Solution 2 — Using Openpyxl Engine
You can use the openpyxl engine to read the xlsx file.
This is an alternate way to solve the 8xlrd.biffh.XLRDError: Excel xlsx file; not supported* Error.
If you do not want to upgrade the Pandas library to the latest version, you shall use this solution. However, it is always recommended to use the latest library versions to avoid security threats to your application.
Install the openpyxl
library using the below snippet.
Code
%pip install openpyxl
Prefixing the %
in PIP lets you install the packages directly from Jupyter.
Output
Successfully installed openpyxl v3.0.9
Note: you may need to restart the kernel to use updated packages.
Now, specify the openpyxl
engine in the pandas read_excel()
method to read the xlsx file or an xlsm file.

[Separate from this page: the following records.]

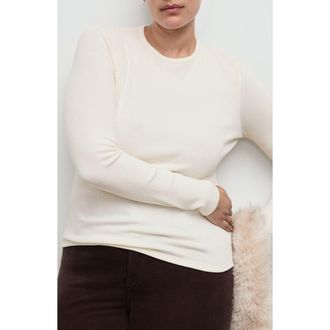 Mango Crewneck Top in Off White at Nordstrom, Size X-Small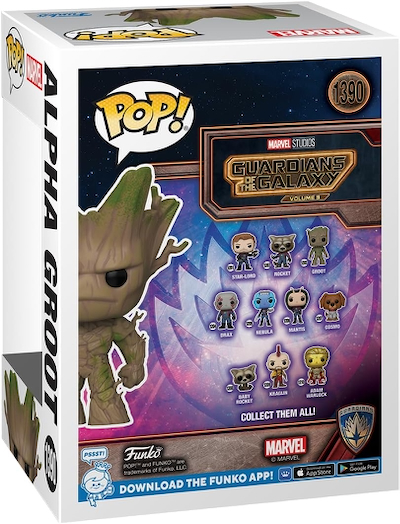 Funko Pop! Marvel: Guardians of The Galaxy Vol. 3 - Alpha Groot, Amazon Exclusive - back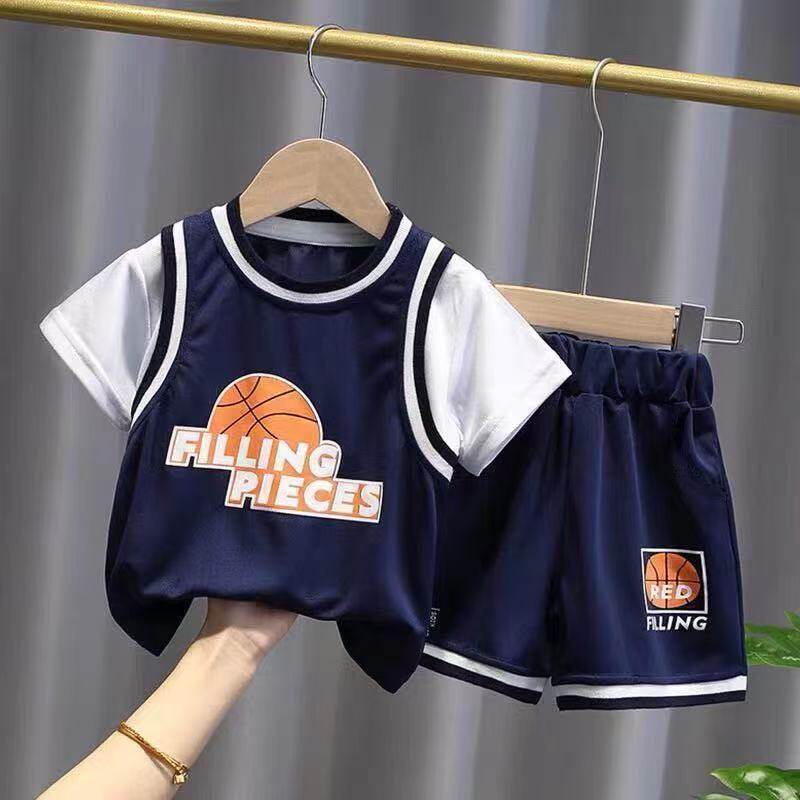 男女童夏季短袖短裤篮球套装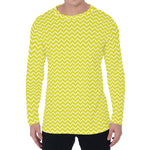 Yellow And White Zigzag Pattern Print Men's Long Sleeve T-Shirt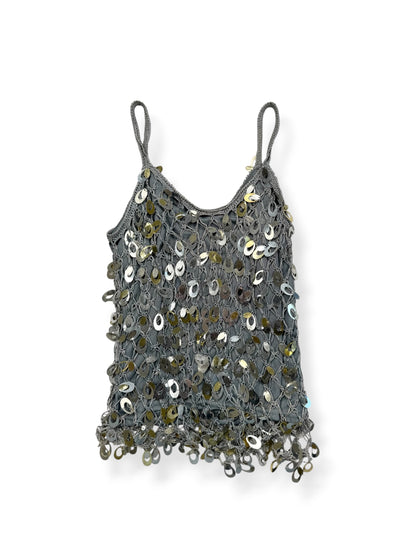 Silver Crochet Sequin Cami ♡ XS
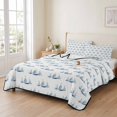 thumbnail image 2 of Quilts Full Size Bedding Set, Nautical Sailboats Lightweight Quilted Comforter, Steel Blue Coastal Minimalist Beige Soft Reversible Bedspread Coverlet with Pillow Covers for All Season, 78" x 90", 2 of 9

The code below demonstrates how to specify the openpyxl
engine in the read_excel()
method.
Code
df = pd.read_excel(
"sample.xlsm",
engine='openpyxl')
The file will be read successfully, and you can print the dataframe to see the values.
df
Conclusion
Pandas cannot open an Excel (.xlsx) file using the read_excel()
method when you’re using the Pandas version earlier than V1.2.0.
You’ve learned how to solve the xlrd.biffh.XLRDError: Excel xlsx file; not supported error by updating the pandas library or using the alternate engine openpyxl
.
It is also recommended to update the libraries to the latest versions to avoid any security threats to your application.